Investors, bracing for a wilting economy, fled the already deflated subprime mortgage sector on more news that lenders New Century Financial Corp., Accredited Home Lenders Holding Co. and General Motors Acceptance Corp.'s residential unit are facing financial problems. The Mortgage Bankers Association bolstered the belief that the struggles are widespread after it said new foreclosures surged to an all-time high in the last quarter of 2006.
All three major stock indexes were knocked down about 2 percent.
Japanese stocks followed suit, and the benchmark Nikkei 225 index fell nearly 3 percent Wednesday morning in Tokyo.
"The market's still jittery, and they're starting to get full-blown concerns over a bleed in the larger subprime mortgage market," said Matt Kelmon, portfolio manager of the Kelmoore Strategy Funds.
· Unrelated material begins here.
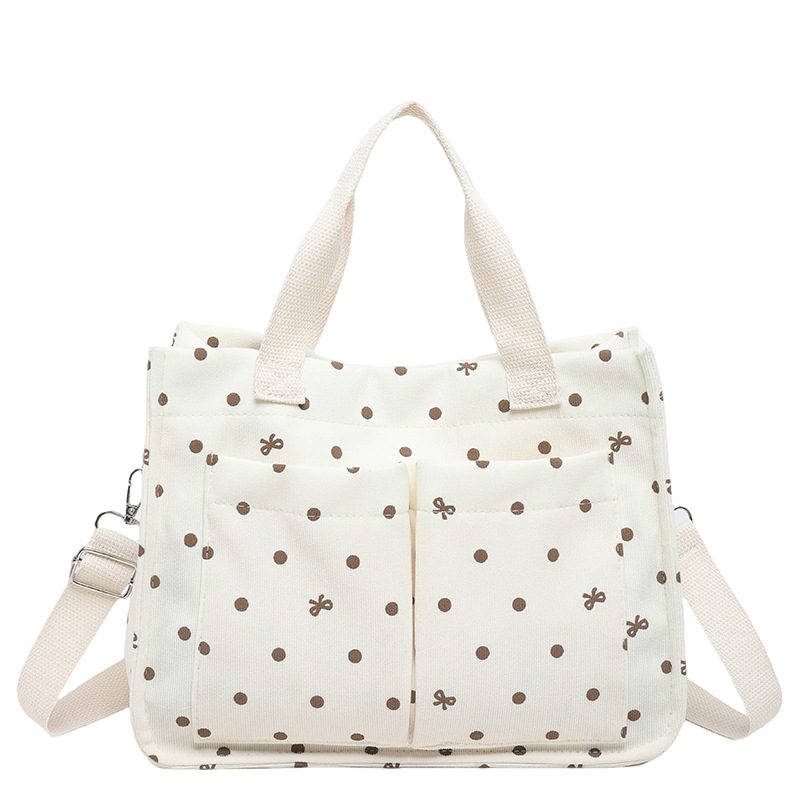 Polka Dot Print Casual Tote Bag view 6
Subprime lenders provide mortgages to people with poor credit. Though they are a relatively small part of the U.S. economy, their difficulties raise larger concerns about the housing market, which until its slowdown in recent years was a big source of money for consumers. That, coupled with the Commerce Department's report Tuesday that U.S. retailers eked out a meager 0.1 percent rise in sales last month, led Wall Street to reconsider whether Americans' buying power will withstand an economic slowdown.
Tuesday's selloff was accentuated by options expiring soon and by volatility that has increased since the market's big plunge on Feb. 27 a 416-point drop in the Dow that was caused partially by the escalating distress among subprime lenders.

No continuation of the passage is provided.